DATA UNDER STUDY Start Marker

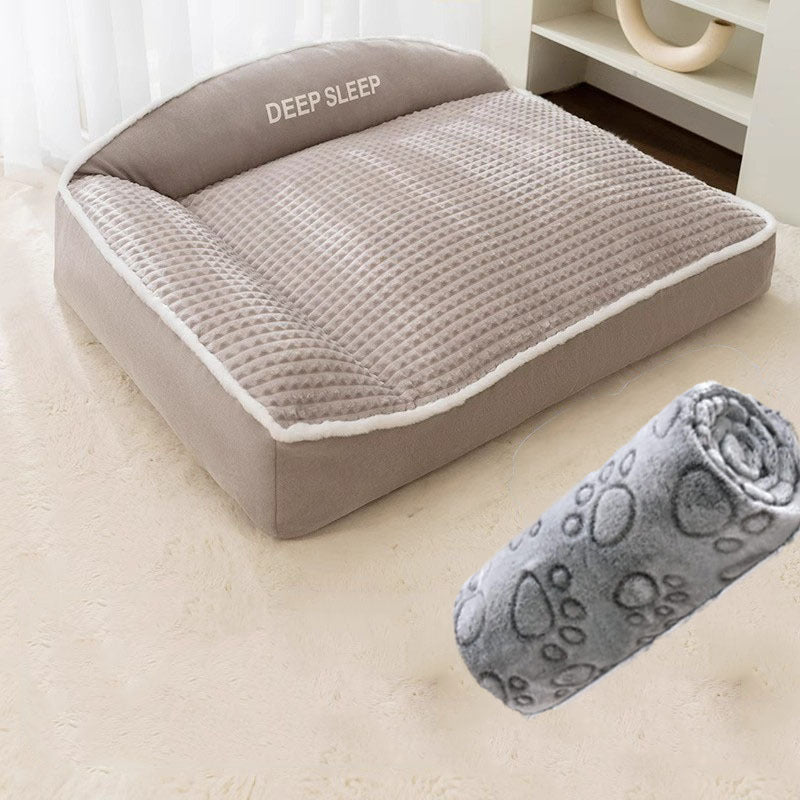 Plush Bolster Sofa Bed for Dogs and Cats, Washable Thermal Nest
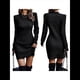 thumbnail image 2 of Suéter Corto Elegante de Larga con Cuello Redondo para Mujer, Ajustado, Elegante, para Otoño e Invierno, Minivestido de Punto Negro L, 2 of 7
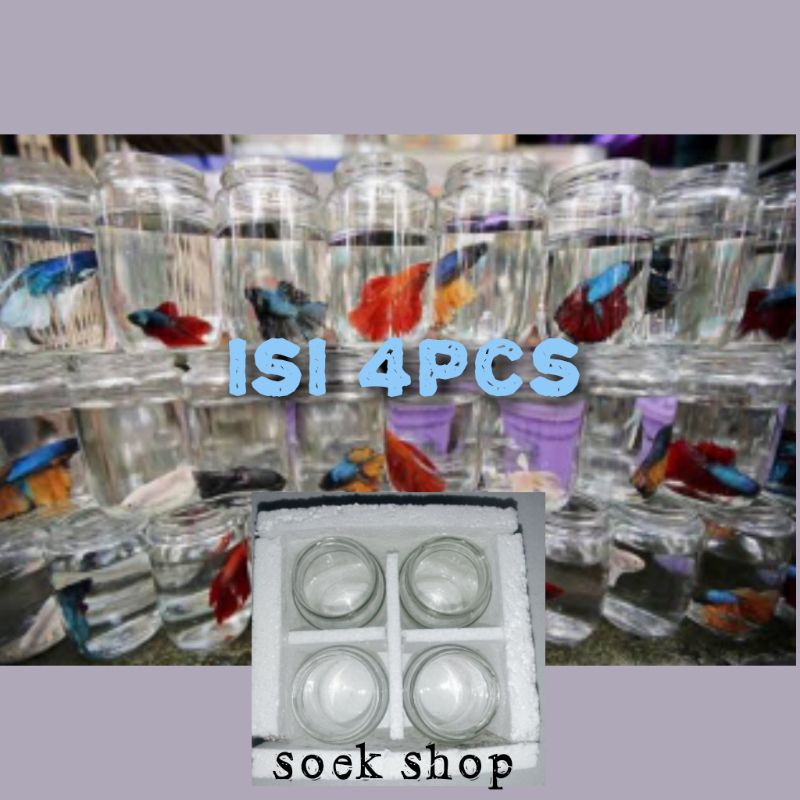 Toples Selai, Toples Kaca ikan Cupang Ikan Hias isi 4, Botol kaca ikan cupang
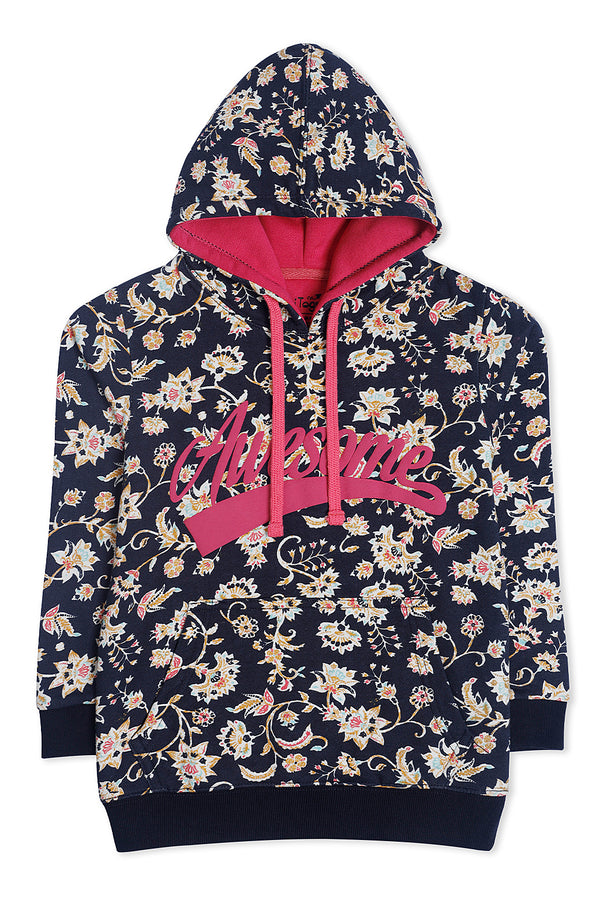 Navy Blue Printed Awesome Graphic Hoodie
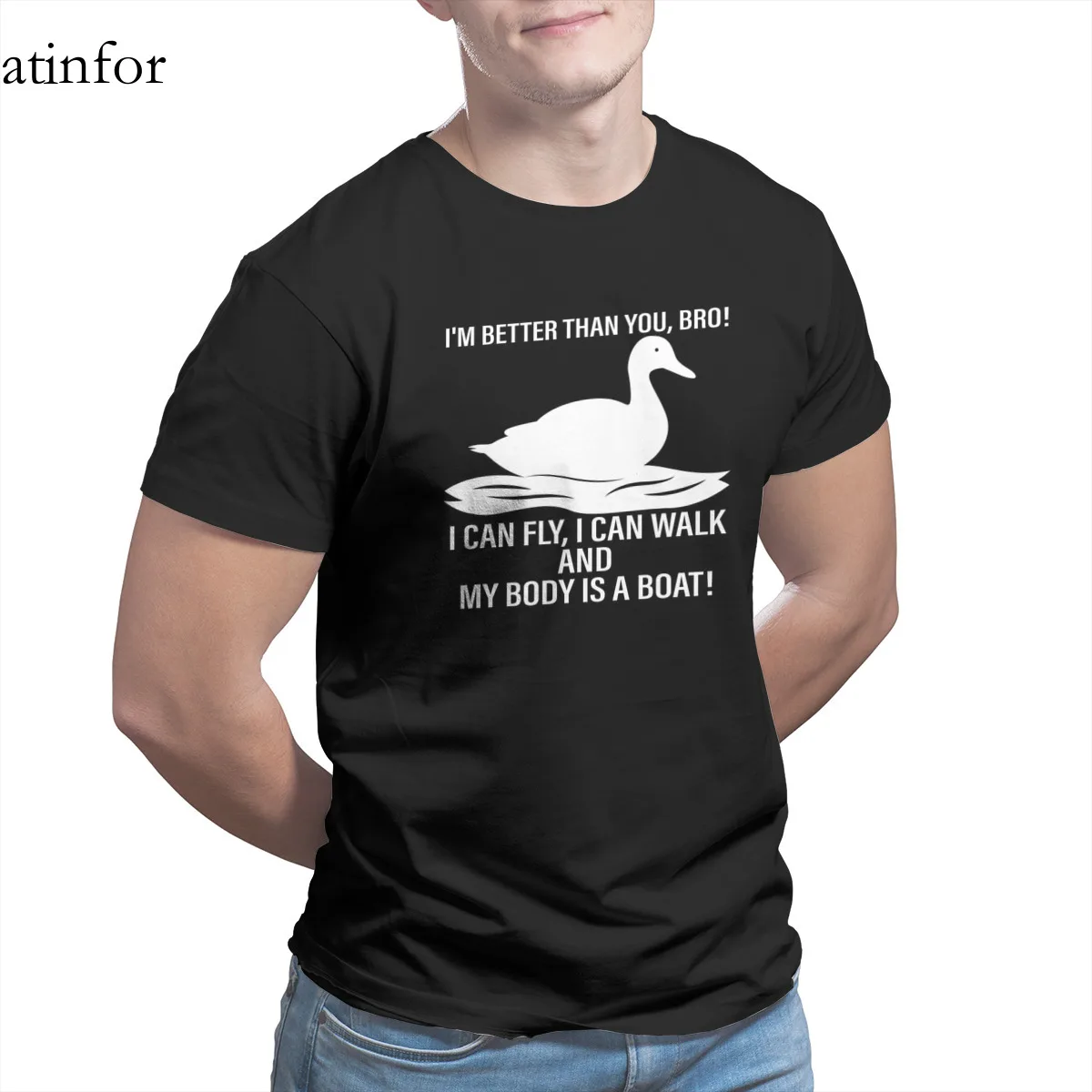 

I am Better Than You Bro Cute duck poison T-Shirt 100% Cotton Couples Matching Sleeve Streetwear Tops Top quality Men 28867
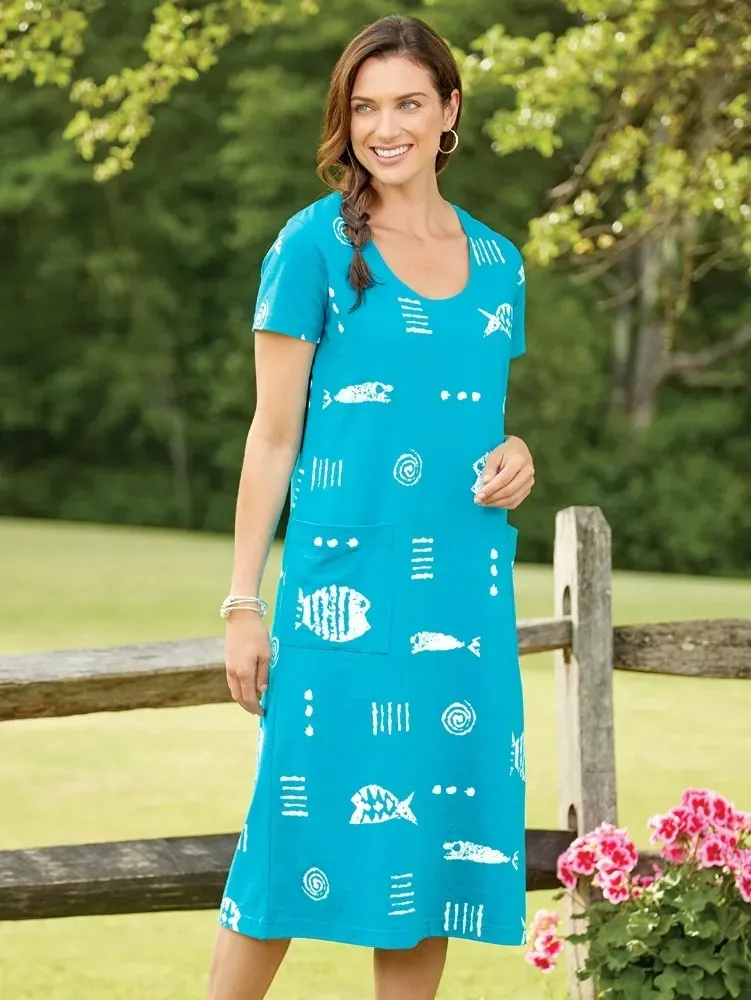 M.MAC Rock Fish Cotton Knit Mid-Length Dress With Pockets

DATA UNDER STUDY End Marker

### DIRECTIONS FOR THIS TASK
Precisely the lines from the one containing "I am Better" to the end of the data above, both included, should be printed; leave the pictures out.

### ANSWER SECTION
I am Better Than You Bro Cute duck poison T-Shirt 100% Cotton Couples Matching Sleeve Streetwear Tops Top quality Men 28867
 M.MAC Rock Fish Cotton Knit Mid-Length Dress With Pockets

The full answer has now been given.